====== AVAILABLE RECORDS
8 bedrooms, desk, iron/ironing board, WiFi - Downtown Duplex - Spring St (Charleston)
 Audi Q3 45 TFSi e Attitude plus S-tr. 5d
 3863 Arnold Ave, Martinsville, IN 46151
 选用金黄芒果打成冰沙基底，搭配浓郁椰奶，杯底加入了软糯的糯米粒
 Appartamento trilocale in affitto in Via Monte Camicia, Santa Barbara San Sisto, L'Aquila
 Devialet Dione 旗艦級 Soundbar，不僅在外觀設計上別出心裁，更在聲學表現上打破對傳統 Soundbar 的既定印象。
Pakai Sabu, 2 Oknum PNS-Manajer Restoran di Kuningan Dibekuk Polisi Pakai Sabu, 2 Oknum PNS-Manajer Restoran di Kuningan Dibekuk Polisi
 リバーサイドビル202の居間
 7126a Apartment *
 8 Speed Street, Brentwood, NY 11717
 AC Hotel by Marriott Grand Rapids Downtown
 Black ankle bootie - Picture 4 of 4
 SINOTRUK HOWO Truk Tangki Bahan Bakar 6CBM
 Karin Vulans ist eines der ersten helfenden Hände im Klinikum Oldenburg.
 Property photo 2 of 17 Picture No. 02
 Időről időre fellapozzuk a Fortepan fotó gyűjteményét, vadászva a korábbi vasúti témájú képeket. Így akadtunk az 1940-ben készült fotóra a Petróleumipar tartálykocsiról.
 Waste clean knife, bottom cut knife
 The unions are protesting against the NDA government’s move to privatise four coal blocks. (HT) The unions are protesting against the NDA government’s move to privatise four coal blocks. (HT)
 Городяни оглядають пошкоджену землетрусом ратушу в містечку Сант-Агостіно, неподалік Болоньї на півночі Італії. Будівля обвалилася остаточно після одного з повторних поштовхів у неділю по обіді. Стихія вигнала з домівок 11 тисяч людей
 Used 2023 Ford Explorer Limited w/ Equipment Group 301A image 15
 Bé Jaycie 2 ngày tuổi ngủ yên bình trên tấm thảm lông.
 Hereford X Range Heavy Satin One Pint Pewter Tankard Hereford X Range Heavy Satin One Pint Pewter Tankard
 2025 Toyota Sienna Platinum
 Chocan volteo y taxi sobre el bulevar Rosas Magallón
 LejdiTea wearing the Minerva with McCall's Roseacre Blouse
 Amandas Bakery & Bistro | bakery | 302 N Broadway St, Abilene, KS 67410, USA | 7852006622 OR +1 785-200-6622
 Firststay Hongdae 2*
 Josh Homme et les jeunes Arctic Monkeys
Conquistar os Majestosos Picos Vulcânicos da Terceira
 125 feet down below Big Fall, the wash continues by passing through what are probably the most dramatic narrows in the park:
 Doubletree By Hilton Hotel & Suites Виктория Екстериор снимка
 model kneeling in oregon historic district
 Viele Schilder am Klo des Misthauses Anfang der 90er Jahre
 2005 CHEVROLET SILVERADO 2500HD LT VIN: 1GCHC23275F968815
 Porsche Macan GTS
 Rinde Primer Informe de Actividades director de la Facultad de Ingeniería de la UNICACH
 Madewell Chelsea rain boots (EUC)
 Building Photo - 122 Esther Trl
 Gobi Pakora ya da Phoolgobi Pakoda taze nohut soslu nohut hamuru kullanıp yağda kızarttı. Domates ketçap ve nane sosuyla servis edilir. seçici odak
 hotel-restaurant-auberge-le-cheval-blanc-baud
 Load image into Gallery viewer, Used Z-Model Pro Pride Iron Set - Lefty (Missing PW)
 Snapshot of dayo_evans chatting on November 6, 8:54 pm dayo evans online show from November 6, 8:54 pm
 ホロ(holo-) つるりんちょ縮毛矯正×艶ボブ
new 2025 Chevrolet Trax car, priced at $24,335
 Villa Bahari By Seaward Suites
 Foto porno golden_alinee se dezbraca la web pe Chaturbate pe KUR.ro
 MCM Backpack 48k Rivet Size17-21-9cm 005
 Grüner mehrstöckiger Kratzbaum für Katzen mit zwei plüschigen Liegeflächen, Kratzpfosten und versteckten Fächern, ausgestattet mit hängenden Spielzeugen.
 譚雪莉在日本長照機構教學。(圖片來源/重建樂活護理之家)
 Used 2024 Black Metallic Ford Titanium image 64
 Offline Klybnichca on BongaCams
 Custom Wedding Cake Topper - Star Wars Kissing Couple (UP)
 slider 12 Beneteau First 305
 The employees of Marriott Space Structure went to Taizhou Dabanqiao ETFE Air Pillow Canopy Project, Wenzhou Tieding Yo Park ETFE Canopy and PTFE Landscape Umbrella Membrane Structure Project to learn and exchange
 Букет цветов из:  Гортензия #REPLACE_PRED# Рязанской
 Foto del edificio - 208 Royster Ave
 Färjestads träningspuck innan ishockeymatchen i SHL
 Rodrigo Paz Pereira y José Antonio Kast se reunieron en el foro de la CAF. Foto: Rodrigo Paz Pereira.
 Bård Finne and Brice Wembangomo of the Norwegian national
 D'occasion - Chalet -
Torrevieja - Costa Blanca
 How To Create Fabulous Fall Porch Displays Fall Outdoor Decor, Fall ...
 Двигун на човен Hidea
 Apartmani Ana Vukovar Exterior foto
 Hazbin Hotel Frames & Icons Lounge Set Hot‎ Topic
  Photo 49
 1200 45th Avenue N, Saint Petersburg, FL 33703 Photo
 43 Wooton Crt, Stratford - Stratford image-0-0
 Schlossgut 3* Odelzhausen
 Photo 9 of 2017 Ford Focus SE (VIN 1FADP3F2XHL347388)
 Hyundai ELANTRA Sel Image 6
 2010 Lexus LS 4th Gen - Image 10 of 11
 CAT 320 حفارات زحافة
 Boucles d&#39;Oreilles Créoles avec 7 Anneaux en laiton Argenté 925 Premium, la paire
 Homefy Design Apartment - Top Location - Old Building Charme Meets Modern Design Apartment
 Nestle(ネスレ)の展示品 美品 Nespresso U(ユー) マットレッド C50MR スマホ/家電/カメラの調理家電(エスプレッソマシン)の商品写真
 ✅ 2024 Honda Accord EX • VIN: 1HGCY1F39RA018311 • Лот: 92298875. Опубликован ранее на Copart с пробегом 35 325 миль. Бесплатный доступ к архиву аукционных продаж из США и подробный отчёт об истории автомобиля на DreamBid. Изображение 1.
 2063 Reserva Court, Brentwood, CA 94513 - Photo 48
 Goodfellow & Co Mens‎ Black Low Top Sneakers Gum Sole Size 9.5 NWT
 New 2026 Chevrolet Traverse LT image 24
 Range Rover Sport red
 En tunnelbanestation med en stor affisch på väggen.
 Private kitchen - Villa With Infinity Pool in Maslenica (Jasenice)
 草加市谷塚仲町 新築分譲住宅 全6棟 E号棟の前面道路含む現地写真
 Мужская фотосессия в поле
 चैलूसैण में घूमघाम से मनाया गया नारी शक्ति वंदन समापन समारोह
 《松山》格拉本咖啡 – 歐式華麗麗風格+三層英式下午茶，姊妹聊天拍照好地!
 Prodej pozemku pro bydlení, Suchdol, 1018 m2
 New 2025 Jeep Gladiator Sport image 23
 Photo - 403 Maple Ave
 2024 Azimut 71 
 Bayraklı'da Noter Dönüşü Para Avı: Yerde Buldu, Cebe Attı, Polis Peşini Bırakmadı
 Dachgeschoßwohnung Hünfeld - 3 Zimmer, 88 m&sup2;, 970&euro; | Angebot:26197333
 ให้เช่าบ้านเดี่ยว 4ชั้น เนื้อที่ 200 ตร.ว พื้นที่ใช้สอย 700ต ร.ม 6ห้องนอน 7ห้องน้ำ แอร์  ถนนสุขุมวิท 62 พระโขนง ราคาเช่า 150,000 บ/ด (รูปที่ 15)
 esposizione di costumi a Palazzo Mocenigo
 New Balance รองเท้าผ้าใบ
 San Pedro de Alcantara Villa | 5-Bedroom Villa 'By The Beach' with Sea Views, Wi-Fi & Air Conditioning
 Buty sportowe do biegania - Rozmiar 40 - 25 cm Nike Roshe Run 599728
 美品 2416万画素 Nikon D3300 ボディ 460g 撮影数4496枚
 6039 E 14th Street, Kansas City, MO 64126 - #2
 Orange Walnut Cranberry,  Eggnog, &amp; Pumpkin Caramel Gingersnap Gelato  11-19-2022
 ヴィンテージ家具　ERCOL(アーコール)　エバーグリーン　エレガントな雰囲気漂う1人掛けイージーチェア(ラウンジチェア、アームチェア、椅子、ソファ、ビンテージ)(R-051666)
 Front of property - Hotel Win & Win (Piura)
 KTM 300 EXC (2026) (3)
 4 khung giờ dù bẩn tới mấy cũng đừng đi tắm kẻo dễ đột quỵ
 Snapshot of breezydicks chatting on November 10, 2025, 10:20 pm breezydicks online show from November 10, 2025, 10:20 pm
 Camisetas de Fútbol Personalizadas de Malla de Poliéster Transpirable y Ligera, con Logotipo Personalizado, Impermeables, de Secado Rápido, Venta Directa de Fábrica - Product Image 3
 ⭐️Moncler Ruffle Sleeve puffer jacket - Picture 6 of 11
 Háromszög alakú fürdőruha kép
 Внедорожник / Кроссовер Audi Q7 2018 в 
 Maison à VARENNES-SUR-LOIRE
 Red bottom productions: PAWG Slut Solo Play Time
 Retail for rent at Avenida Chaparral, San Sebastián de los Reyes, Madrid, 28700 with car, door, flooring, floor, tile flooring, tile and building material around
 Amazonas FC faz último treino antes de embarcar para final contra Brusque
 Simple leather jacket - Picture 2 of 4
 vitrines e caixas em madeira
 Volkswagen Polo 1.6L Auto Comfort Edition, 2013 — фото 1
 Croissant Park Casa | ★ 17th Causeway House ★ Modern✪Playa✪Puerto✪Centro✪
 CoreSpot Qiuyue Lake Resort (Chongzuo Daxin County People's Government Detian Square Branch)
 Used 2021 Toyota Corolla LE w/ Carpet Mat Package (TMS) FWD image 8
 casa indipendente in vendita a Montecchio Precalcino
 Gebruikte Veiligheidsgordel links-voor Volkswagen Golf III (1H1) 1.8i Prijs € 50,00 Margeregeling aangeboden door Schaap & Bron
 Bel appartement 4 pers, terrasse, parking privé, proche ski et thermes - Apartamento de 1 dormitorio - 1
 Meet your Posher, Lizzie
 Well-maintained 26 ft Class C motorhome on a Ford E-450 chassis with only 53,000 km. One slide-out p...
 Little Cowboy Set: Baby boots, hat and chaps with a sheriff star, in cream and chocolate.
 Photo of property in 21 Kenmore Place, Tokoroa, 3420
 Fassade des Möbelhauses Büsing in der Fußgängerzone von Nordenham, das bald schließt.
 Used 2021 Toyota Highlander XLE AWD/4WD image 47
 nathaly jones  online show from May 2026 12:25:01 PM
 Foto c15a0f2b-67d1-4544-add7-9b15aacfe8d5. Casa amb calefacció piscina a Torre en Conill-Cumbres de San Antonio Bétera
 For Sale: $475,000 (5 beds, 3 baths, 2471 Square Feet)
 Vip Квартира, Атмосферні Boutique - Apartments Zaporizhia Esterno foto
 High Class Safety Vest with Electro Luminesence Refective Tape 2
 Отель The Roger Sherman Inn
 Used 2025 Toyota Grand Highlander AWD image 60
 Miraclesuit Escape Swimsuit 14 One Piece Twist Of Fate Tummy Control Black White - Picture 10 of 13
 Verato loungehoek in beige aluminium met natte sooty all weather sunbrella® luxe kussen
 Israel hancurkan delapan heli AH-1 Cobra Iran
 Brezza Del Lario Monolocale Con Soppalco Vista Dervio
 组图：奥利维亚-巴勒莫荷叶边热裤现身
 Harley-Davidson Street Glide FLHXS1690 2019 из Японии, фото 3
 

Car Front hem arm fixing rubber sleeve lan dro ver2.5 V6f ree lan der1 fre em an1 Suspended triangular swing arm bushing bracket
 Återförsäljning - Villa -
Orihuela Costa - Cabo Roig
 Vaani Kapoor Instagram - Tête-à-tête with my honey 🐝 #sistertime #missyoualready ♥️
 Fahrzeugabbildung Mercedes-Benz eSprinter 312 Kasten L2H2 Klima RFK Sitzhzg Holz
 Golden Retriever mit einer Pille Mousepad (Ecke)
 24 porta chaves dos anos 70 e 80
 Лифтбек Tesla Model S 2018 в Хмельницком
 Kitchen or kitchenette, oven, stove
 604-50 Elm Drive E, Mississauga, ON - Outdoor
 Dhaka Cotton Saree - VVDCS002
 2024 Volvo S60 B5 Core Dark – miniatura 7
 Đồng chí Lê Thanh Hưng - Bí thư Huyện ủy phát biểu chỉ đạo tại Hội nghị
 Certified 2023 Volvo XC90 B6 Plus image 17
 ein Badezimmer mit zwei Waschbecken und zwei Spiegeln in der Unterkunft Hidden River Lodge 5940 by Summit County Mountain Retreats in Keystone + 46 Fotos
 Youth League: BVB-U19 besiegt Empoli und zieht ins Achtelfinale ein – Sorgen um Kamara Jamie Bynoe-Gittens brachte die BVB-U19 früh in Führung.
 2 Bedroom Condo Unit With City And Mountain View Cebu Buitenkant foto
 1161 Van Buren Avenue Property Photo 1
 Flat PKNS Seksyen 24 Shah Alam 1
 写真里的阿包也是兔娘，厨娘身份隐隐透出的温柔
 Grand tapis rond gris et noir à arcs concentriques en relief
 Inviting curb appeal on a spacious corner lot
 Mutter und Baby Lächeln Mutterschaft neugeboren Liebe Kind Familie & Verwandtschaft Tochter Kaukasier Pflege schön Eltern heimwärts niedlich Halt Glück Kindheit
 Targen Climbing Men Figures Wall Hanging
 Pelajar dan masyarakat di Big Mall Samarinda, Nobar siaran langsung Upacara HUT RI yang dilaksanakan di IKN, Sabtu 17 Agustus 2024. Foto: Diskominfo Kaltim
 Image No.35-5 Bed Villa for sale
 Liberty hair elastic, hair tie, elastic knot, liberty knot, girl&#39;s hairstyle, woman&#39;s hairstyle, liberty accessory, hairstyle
============
§ **YOUR INSTRUCTIONS**
Output, from the data above, the lines from the line with "MCM Backpack 48k Rivet Size17-21-9cm 005" to the line with "Apartmani Ana Vukovar Exterior foto" exactly as they stand, both ends included and nothing else.

§ **TASK ANSWER**
 MCM Backpack 48k Rivet Size17-21-9cm 005
 Grüner mehrstöckiger Kratzbaum für Katzen mit zwei plüschigen Liegeflächen, Kratzpfosten und versteckten Fächern, ausgestattet mit hängenden Spielzeugen.
 譚雪莉在日本長照機構教學。(圖片來源/重建樂活護理之家)
 Used 2024 Black Metallic Ford Titanium image 64
 Offline Klybnichca on BongaCams
 Custom Wedding Cake Topper - Star Wars Kissing Couple (UP)
 slider 12 Beneteau First 305
 The employees of Marriott Space Structure went to Taizhou Dabanqiao ETFE Air Pillow Canopy Project, Wenzhou Tieding Yo Park ETFE Canopy and PTFE Landscape Umbrella Membrane Structure Project to learn and exchange
 Букет цветов из:  Гортензия #REPLACE_PRED# Рязанской
 Foto del edificio - 208 Royster Ave
 Färjestads träningspuck innan ishockeymatchen i SHL
 Rodrigo Paz Pereira y José Antonio Kast se reunieron en el foro de la CAF. Foto: Rodrigo Paz Pereira.
 Bård Finne and Brice Wembangomo of the Norwegian national
 D'occasion - Chalet -
Torrevieja - Costa Blanca
 How To Create Fabulous Fall Porch Displays Fall Outdoor Decor, Fall ...
 Двигун на човен Hidea
 Apartmani Ana Vukovar Exterior foto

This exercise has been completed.